As Sachin Tendulkar once told this correspondent, “Harbhajan made a generation fall in love with the art of off-spin.”
He indeed did.
Statistical Highlights of Harbhajan Singh’s career
A look at the significant milestones and achievements of Indian off-spinner Harbhajan Singh in his 23-year long illustrious cricketing career, which he ended on Friday.
With 417 wickets in 103 Test matches, Harbhajan is 14th in the list of all-time highest wicket-takers and fourth best Indian behind Anil Kumble (619), Kapil Dev (434) and R Ashwin (427).
Test Debut: vs Australia at Bengaluru – March, 1998
Most Test wickets against Nations
95 wickets vs Australia in 18 matches
60 wickets vs South Africa in 11 matches
56 wickets vs West Indies in 11 matches
53 wickets vs Sri Lanka in 16 matches
45 wickets vs England in 14 matches
Most successful Test seasons
Year-2002: 63 wickets in 13 matches (Five 5-wicket hauls
Year-2001: 60 wickets in 12 matches (Six 5-wicket hauls, Two 10-wicket hauls)
Best Bowling figures in a Test innings
8/84 vs Australia on March 18, 2001 in Chennai
ODI Debut: vs New Zealand at Sharjah – April 17, 1998
Most ODI wickets against Nations
61 wickets vs Sri Lanka in 47 matches
36 wickets vs England in 23 matches
33 wickets vs West Indies in 31 matches
32 wickets vs Australia in 35 matches
31 wickets vs South Africa in 24 matches
Harbhajan also claimed 25 wickets in 28 T20 matches.
Cricket fraternity lauds Harbhajan’s contribution to the game
Congratulatory messages poured in from the cricket fraternity, lauding Harbhajan Singh’s contribution to the game after the former India spin veteran announced his retirement from all forms of cricket on Friday.
“Congratulations on a wonderful career Pajhi Your contribution to cricket has been immense and it was a pleasure to play alongside you. Enjoyed our great moments together on and off the field. Wishing you luck for your next innings @harbhajan_singh,” India opener Shikhar Dhawan tweeted.
NCA chief and former India batsman VVS Laxman also extended his he good wishes.
“Hearty congratulations to my great mate @harbhajan_singh on a remarkable career! A tremendous exponent of off-spin, a gifted batsman and a true competitor who fashioned many a wonderful Indian victory. Best wishes for the future, Bhajji, go well!”
Former Indian pacer, S Sreeshath, who was in tears after Harbhajan had allegedly slapped him on-field during an IPL match in 2008, labelled the spinner as the best in the world.

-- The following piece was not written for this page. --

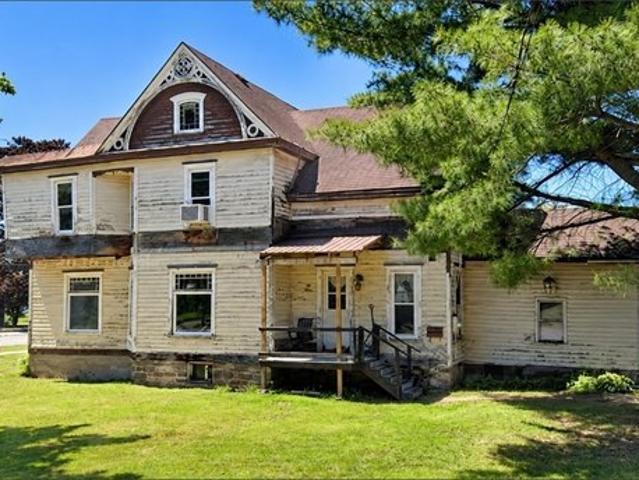 House for sale in Village of Camden, Town of Camden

“@harbhajan_singh Ur gonna be the one of the best ever played cricket not just for india but in world of cricket..it’s a huge honour to know u and to have played with you b bhajjipa .will always cherish the lovely hugs (lucky for me) before my spells ) lots of love and respect.”

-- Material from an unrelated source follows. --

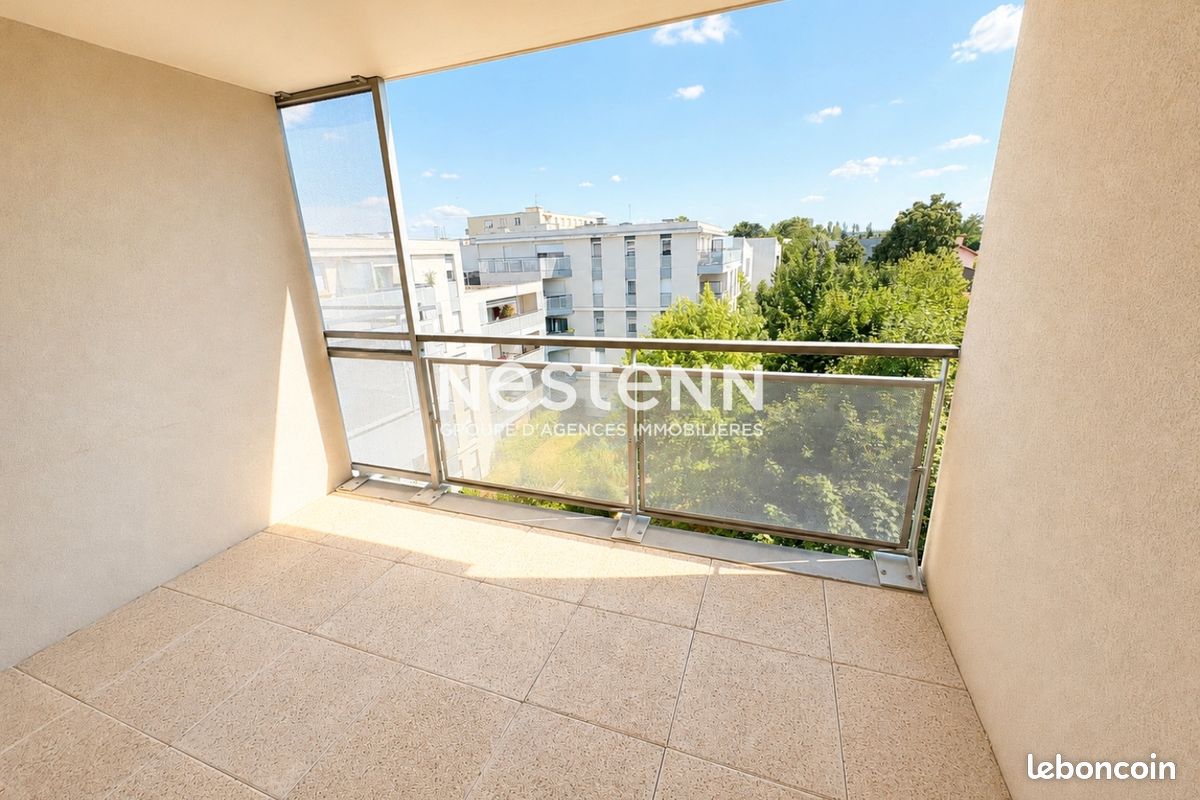 Appartement 3 pièces 57 m² · à Vénissieux · 57 m² · 170 000 €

Following is the compilation of the reactions by other current and former players.
*KL Rahul: “He was a great spinner for India and youngsters like us came in the team, he was very supportive and welcomed us.”
*Kuldip Yadav: “A legend of the game and a match winner for our country Thank you @harbhajan_singh Paaji for your guidance and helping me with my game. You will be missed. Best wishes.”
*Parthiv Patel: “More than a truly great player, Bhajju Pa was always a big brother for all the juniors.@harbhajan_singh would make us laugh all the time and was someone who always made the dressing room like our home. Best wishes in your new innings. #harbhajansingh.”
*Pragyan Ojha: “Congratulations bhajju pa on a splendid career, something that the entire country is proud of. Wishing you the best for the future endeavours. Also a big thank you for being an inspiration to many budding young spinners. God bless you and the family!”
*Umesh Yadav: “One of the finest to represent who won so many games for the nation. Best wishes Bhajju Paa on your retirement @harbhajan_singh.”
*Mayank Agarwal: Congratulations @harbhajan_singh for a wonderful career. I remember as a kid watching you take that hattrick against Australia in 2001. Thank you for the great memories Bhajji paa. I wish you best for the journey ahead.”
*Suresh Raina: “Your contribution to Indian cricket will always be cherished, @harbhajan_singh paaji wishing you all the best for your future.”